= ASSIGNMENT =
An exact repetition of the data below, without images, is the expected answer.
===== DATA EXCERPTS =====
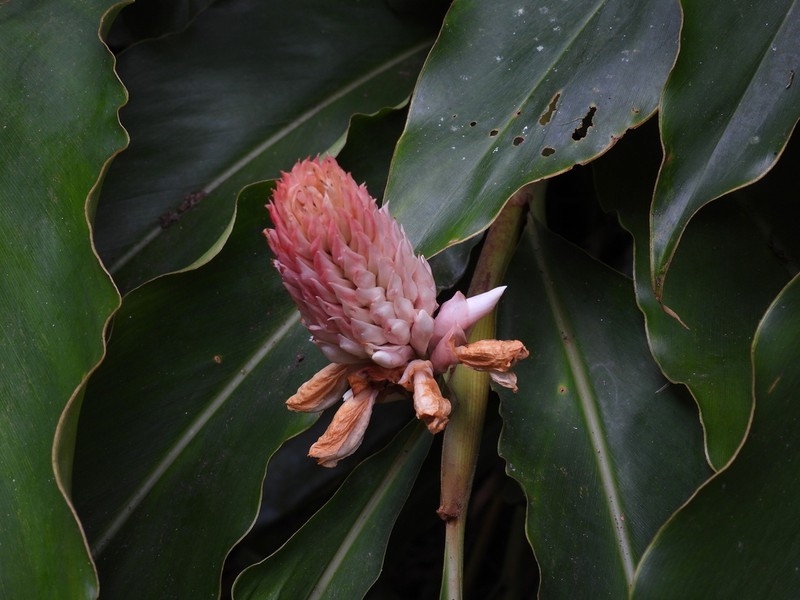 Alpinia sessiliflora photo 3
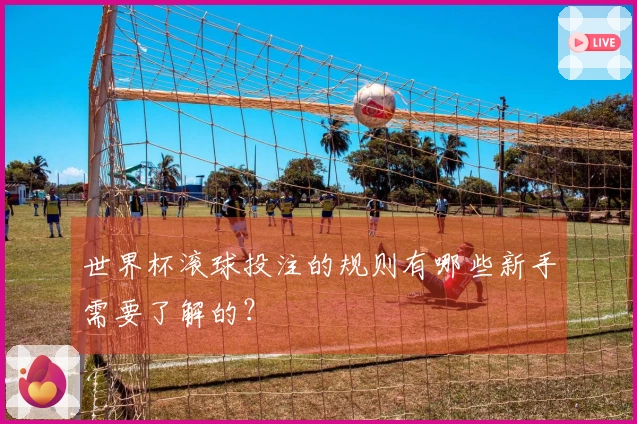 世界杯滚球投注的规则有哪些新手需要了解的？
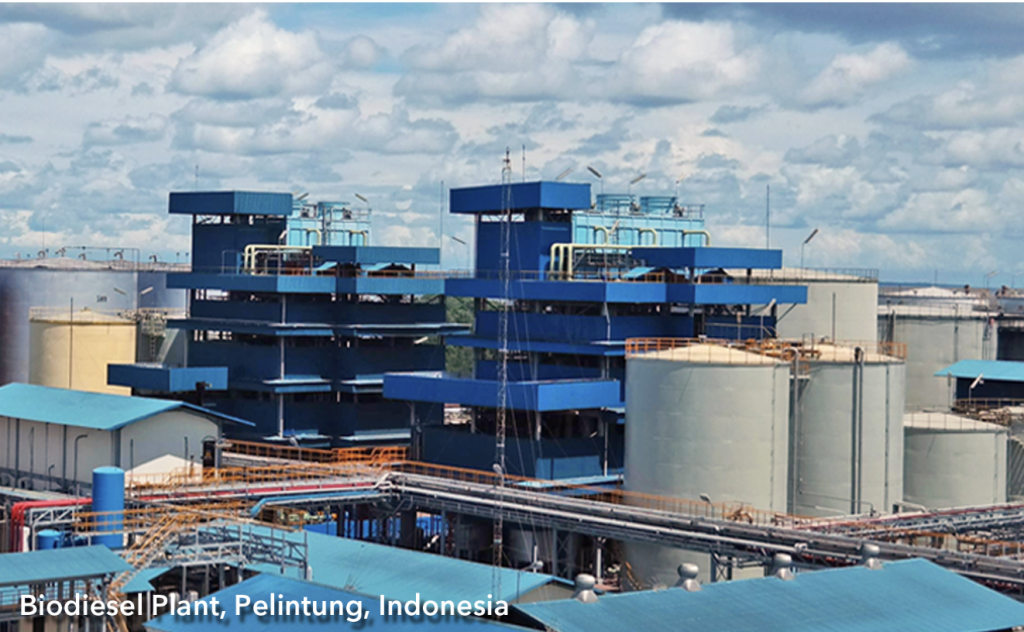 Wilmar Oleochemicals & Biofuels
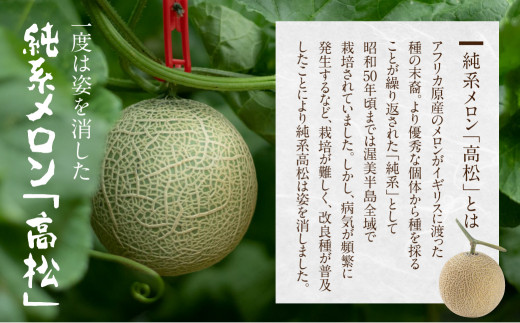 先行予約 渥美半島石井農園・純系 古田メロン1玉 【2026年7月発送】 石井農園 純系 箱詰め メロン フルーツ 果物 お取り寄せ 渥美半島 産地直送 幻 希少品 田原市 送料無料 10,000円
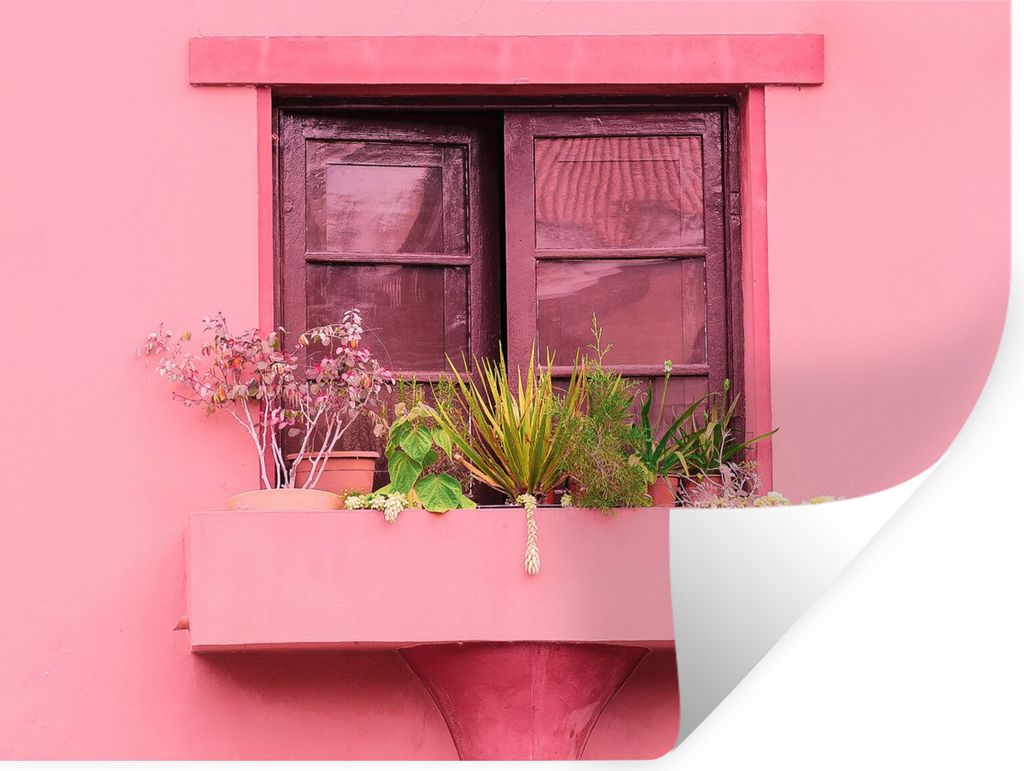 MuchoWow Wandtattoo Wandsticker Wandaufkleber Fenster - Pflanzen - Rosa - Pflanzgefäß 80x60 cm Selbstklebend und Repositionierbar - Faltenfrei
=====
= WRITTEN ANSWER =
 Alpinia sessiliflora photo 3
 世界杯滚球投注的规则有哪些新手需要了解的？
 Wilmar Oleochemicals & Biofuels
 先行予約 渥美半島石井農園・純系 古田メロン1玉 【2026年7月発送】 石井農園 純系 箱詰め メロン フルーツ 果物 お取り寄せ 渥美半島 産地直送 幻 希少品 田原市 送料無料 10,000円
 MuchoWow Wandtattoo Wandsticker Wandaufkleber Fenster - Pflanzen - Rosa - Pflanzgefäß 80x60 cm Selbstklebend und Repositionierbar - Faltenfrei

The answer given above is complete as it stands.